The actual crash is because of an unchecked dereference in Monitor::handle_forward, in which we assume that the MForward message actually has a forwarded message associated. But we here don't, because the message being forwarded is an MMDSBeaccon, and decoding failed. We can see an instance of it earlier when the MDS tried to connect directly to us:
2014-10-03 10:28:13.721812 7fee57ca8700 0 will not decode message of type 100 version 3 because compat_version 3 > supported version 2
Updated by Greg Farnum over 9 years ago
Okay, it's because Message::encode() transmutes a compat_version of 0 into compat_version == HEAD_VERSION, and we aren't explicitly setting a compat version. That was easy.
Updated by Greg Farnum over 9 years ago
- Subject changed from "Segmentation fault" in upgrade:firefly-x-giant-distro-basic-multi run to MMDSBeacon: failure to decode; compat_version = 3 on Firefly monitor
- Status changed from In Progress to Fix Under Review
Updated by Greg Farnum over 9 years ago
- Assignee changed from Greg Farnum to Tamilarasi muthamizhan
https://github.com/ceph/ceph/pull/2640
Tamil will put it through the upgrade suite.

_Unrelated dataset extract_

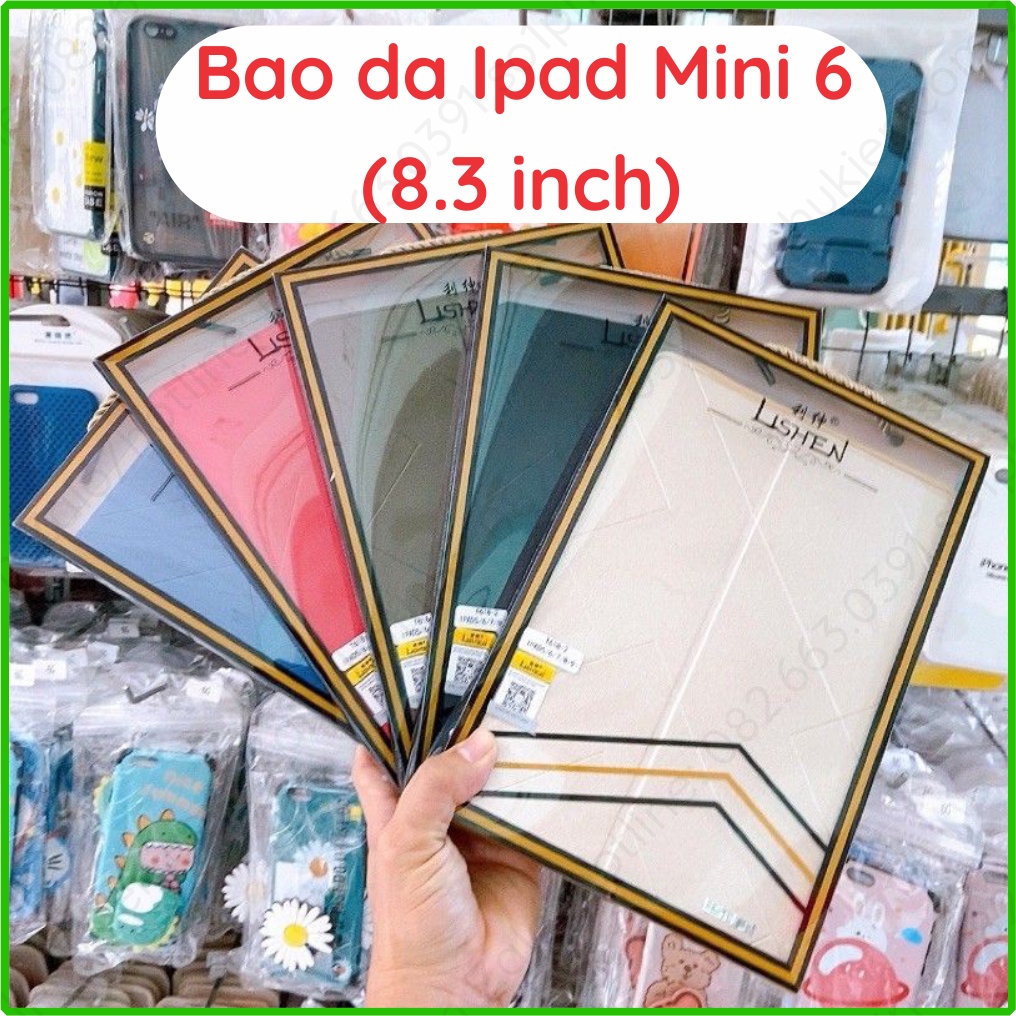 Bao da i Pad Mini 6 (2021) (mã A2568 - màn 8.3 inch) chất da xịn, có chống đỡ xem phim, có ngăn đựng thẻ tiện lợi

Updated by Sage Weil over 9 years ago
- Status changed from Fix Under Review to Pending Backport
fix looks right. merged it into giant branch
Updated by Tamilarasi muthamizhan over 9 years ago
tested with wip-9657, fix works fine.
logs are copied to vpm102.front.sepia.ceph.com:/home/ubuntu/wip-9657
Updated by Tamilarasi muthamizhan over 9 years ago
- Assignee changed from Tamilarasi muthamizhan to Greg Farnum
Updated by Greg Farnum over 9 years ago
- Status changed from Pending Backport to Resolved
No backport is needed; this is done. (25bcc39bb809e2d13beea1529e4ab92d1b61fa5b)